> **What this task involves**
Given the records below, the lines starting at the line with "Toyota Alphard 2009" and ending at the line with "Colour Coded Steel Utility Tong Red 10&quot;" should be output exactly, both end lines kept and pictures left out.

> **Supplied data**
★ ★ ★ ★ ★
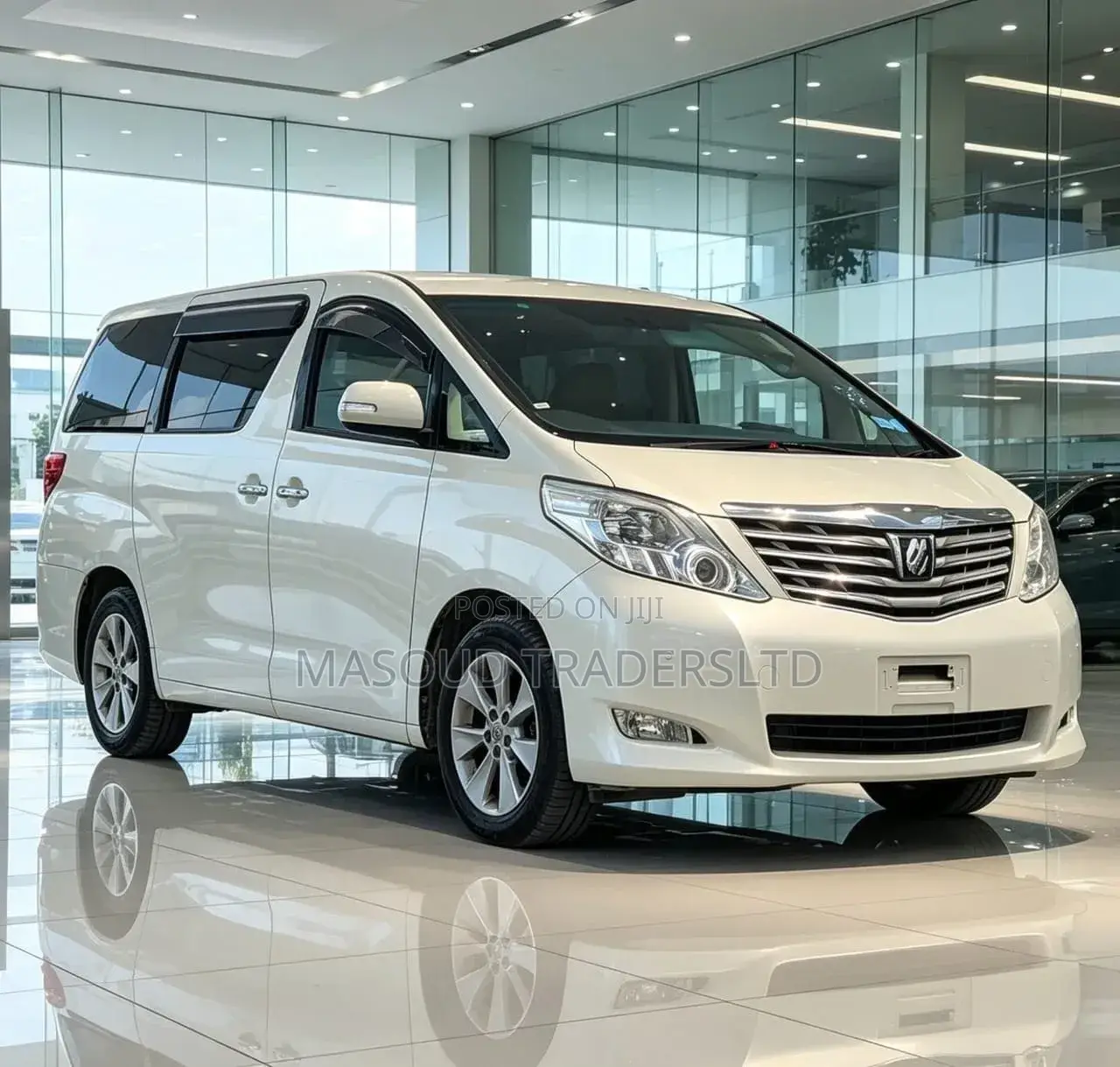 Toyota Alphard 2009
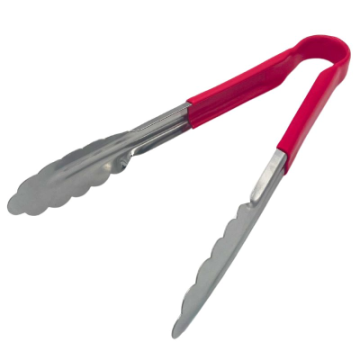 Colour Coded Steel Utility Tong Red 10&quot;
★ ★ ★ ★ ★
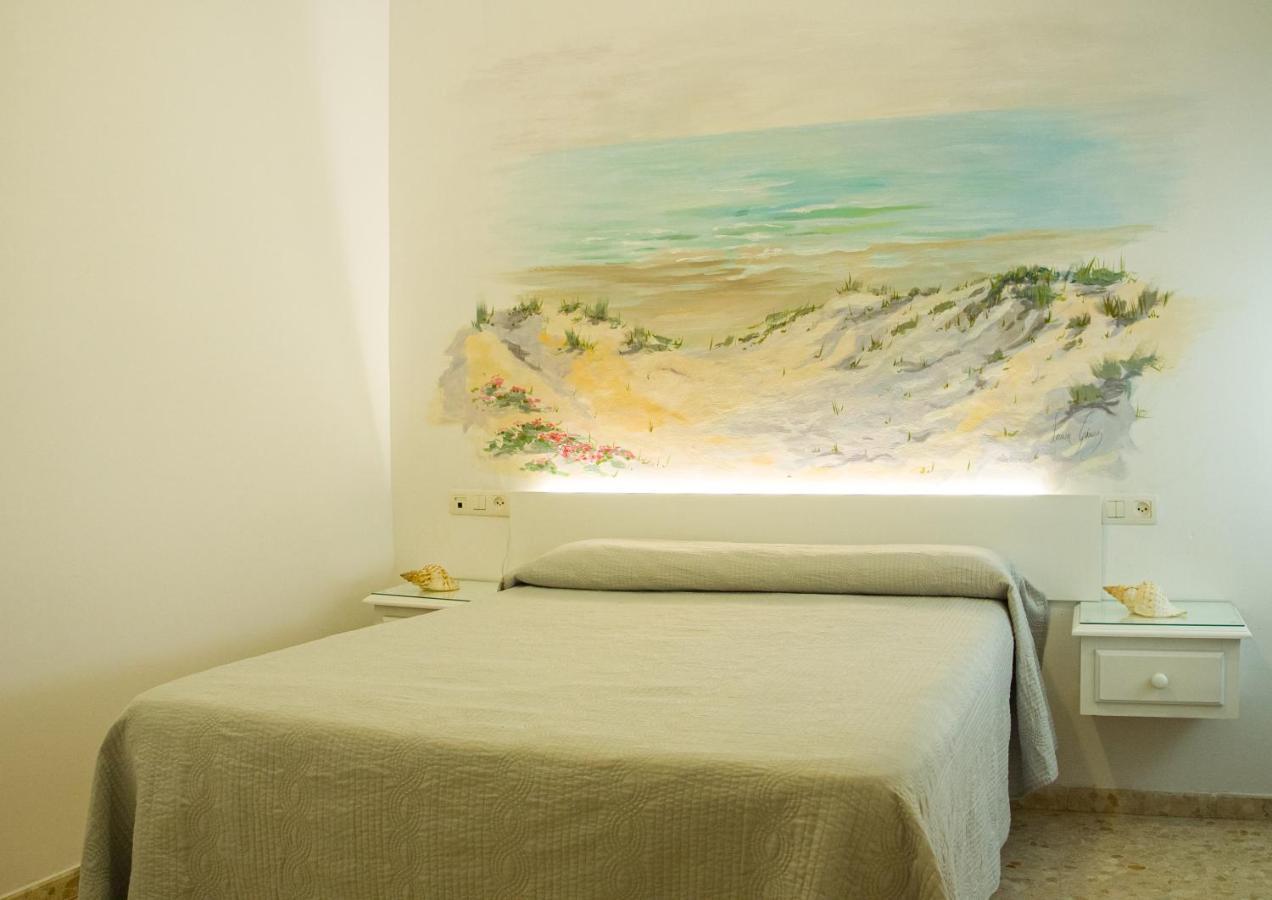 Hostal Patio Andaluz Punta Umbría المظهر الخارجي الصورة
★ ★ ★ ★ ★
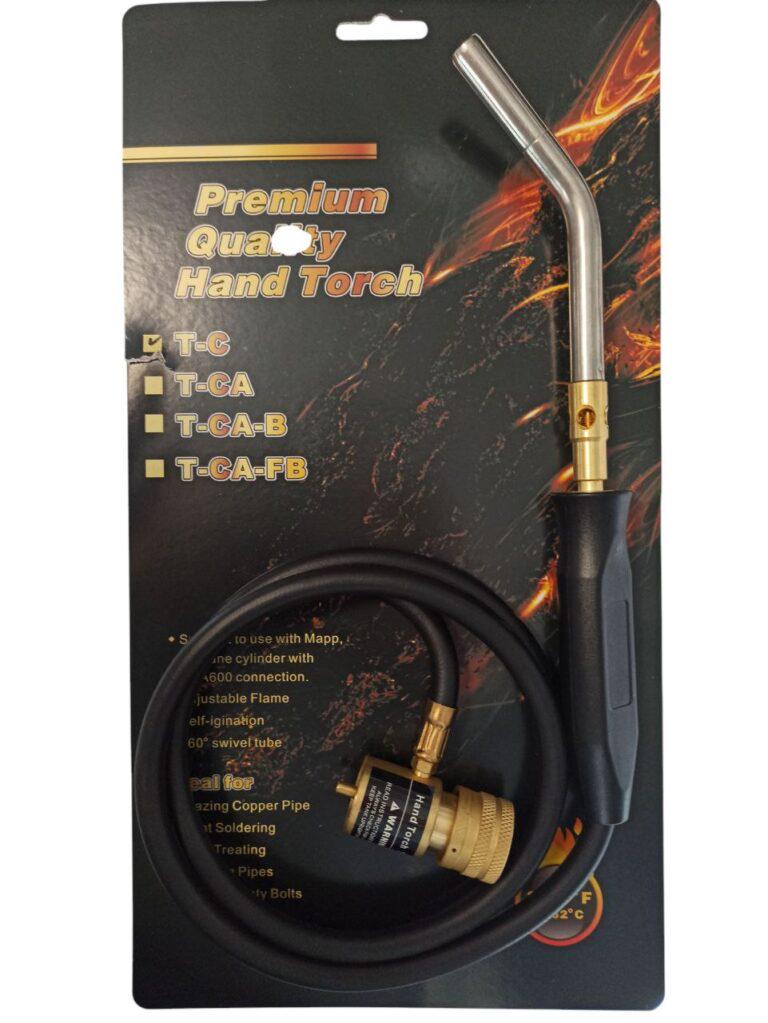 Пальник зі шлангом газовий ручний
★ ★ ★ ★ ★
> **Answer space**
 Toyota Alphard 2009
 Colour Coded Steel Utility Tong Red 10&quot;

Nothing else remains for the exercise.